El Gobierno del Reino Unido convocó este lunes al embajador de Rusia, Andrey Kelin, al Foreign Office (Ministerio de Asuntos Exteriores británico) como protesta oficial tras la reciente expulsión por parte de Moscú de un diplomático británico.
Desde Londres, un portavoz del Ministerio expresó que la decisión de Rusia de expulsar al diplomático británico el mes pasado fue “no provocada e injustificada”, y rechazó las acusaciones formuladas contra el personal de la embajada del Reino Unido. En respuesta, las autoridades británicas dejaron claro que no tolerarán la intimidación de su personal diplomático.
Como acción recíproca, el Reino Unido revocó la acreditación de un diplomático ruso, cuya identidad no fue revelada, y ordenó su salida del país.
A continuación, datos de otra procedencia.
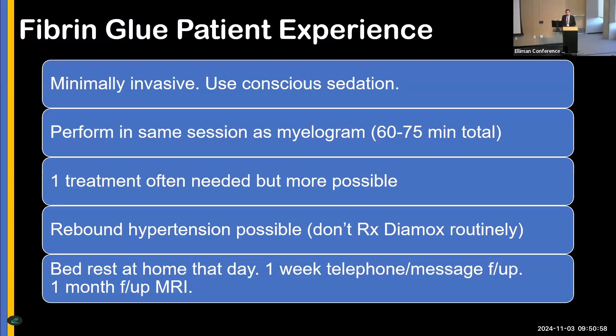We relate to patients that one treatment is often needed, but more may be required. Rebound hypertension is possible. Although we don't routinely administer Diamox anymore — we did that initially for all patients — it's now on an as-needed basis only. We recommend bed rest that day, a one-week follow-up, and a brain MRI follow-up at one month.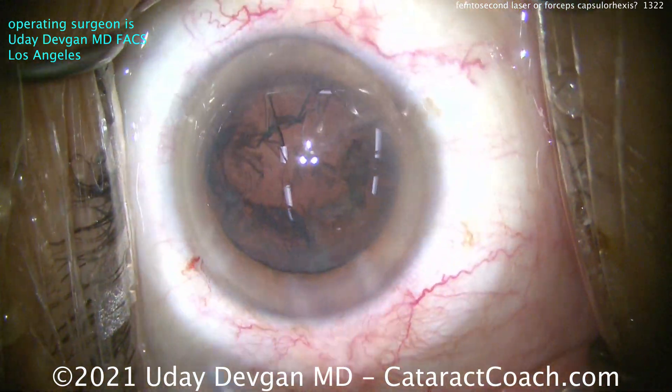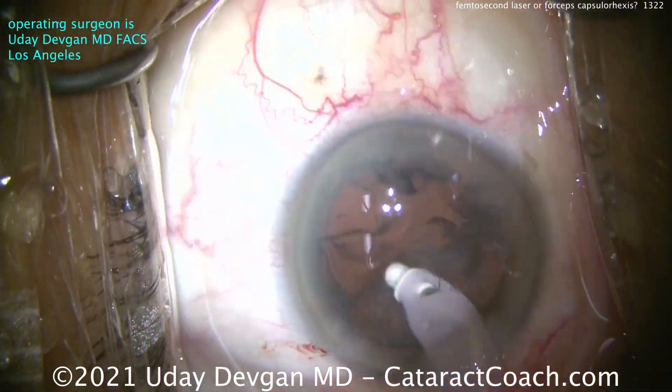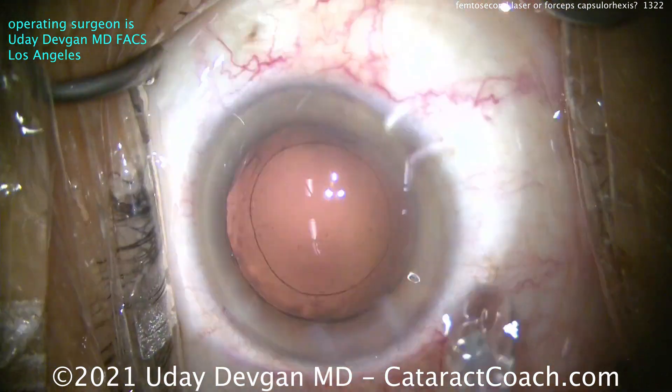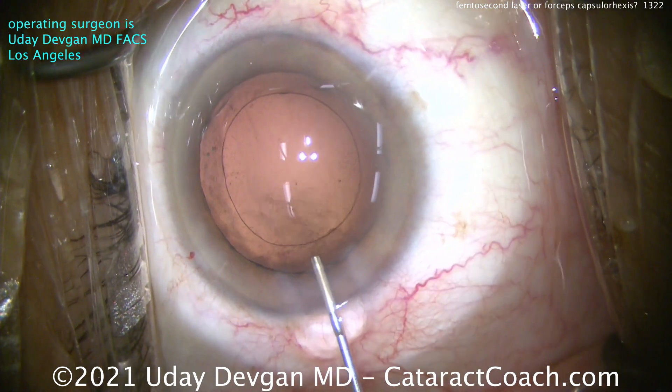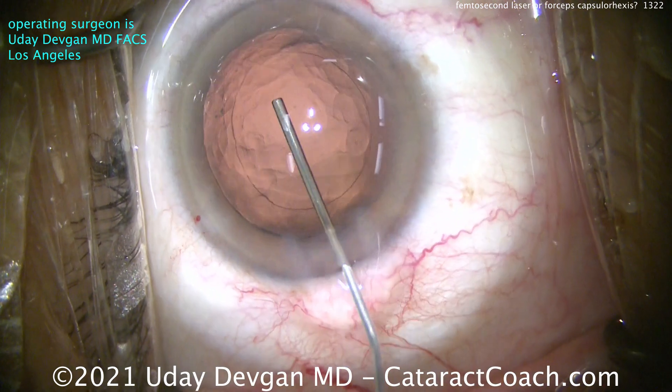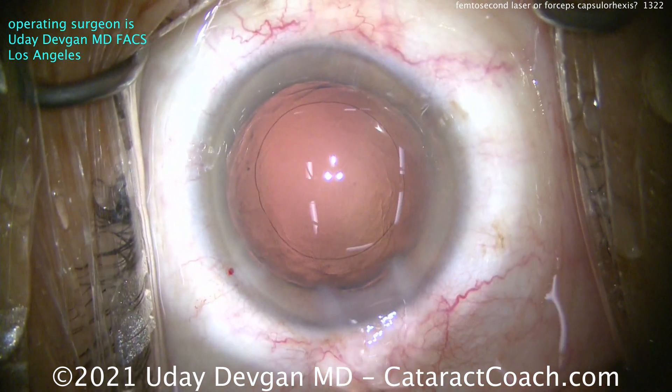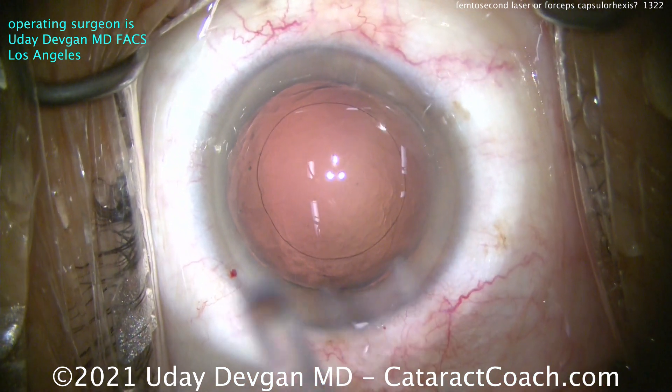The femtosecond lasers — we've had them for more than 10 years, and so many studies have been published. Let's be frank: studies have shown there's essentially no difference in the outcomes for these patients. The only thing different was for astigmatism greater than a diopter, but you would have put a toric lens in anyway.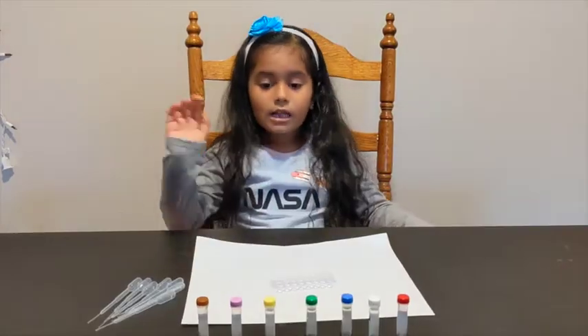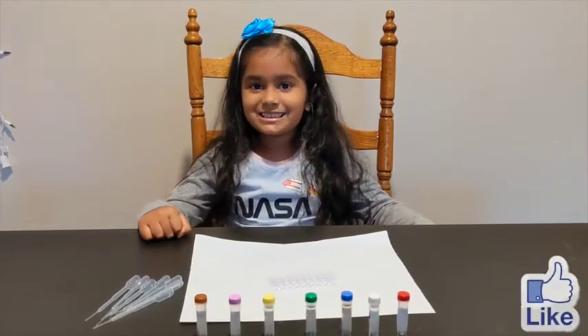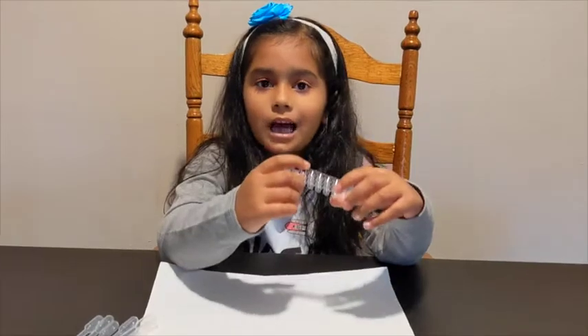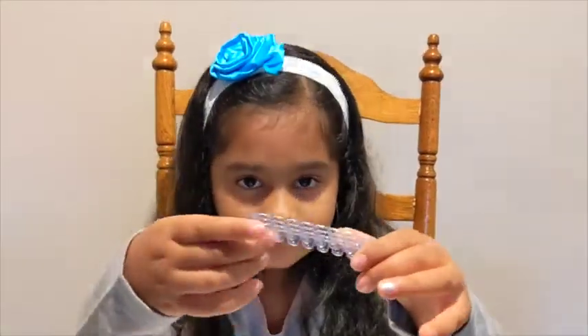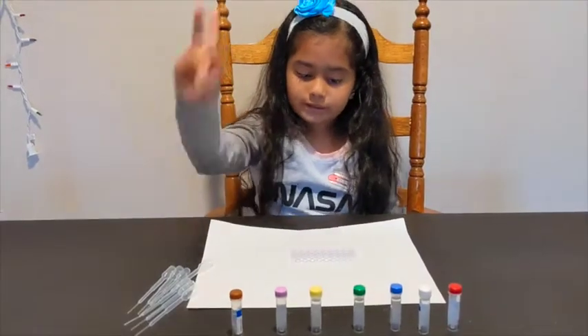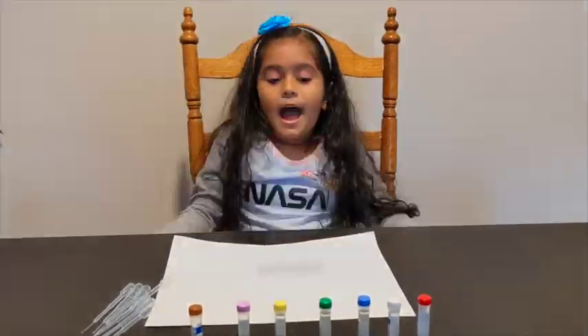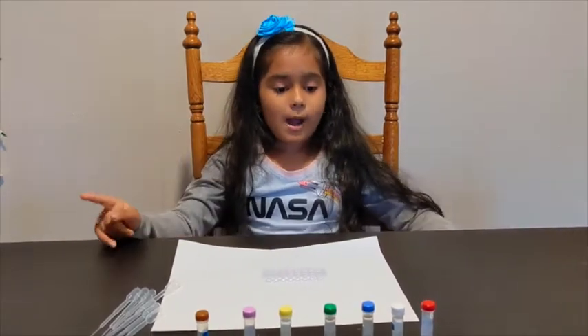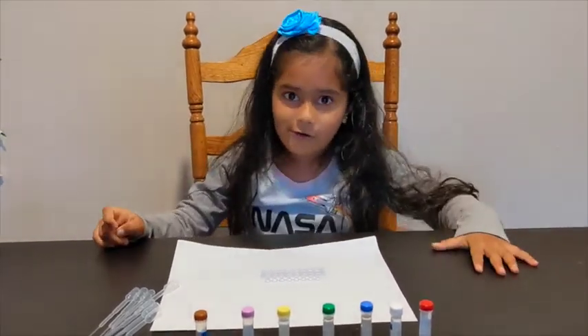This is all I need for the test. This is an ELISA plate. I have two samples. I predict that sample 1 has a coronavirus — a virus.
Las autoridades británicas afirmaron que cualquier otra acción de Rusia será considerada una escalada y se responderá en consecuencia.
El incidente ocurre en medio de un clima de tensiones más amplio entre Rusia y Occidente, en particular en el contexto de la guerra en Ucrania y las continuas acusaciones de espionaje entre ambos países. Según Londres, las medidas adoptadas por Moscú recientemente han dificultado el trabajo de la misión diplomática británica en Rusia.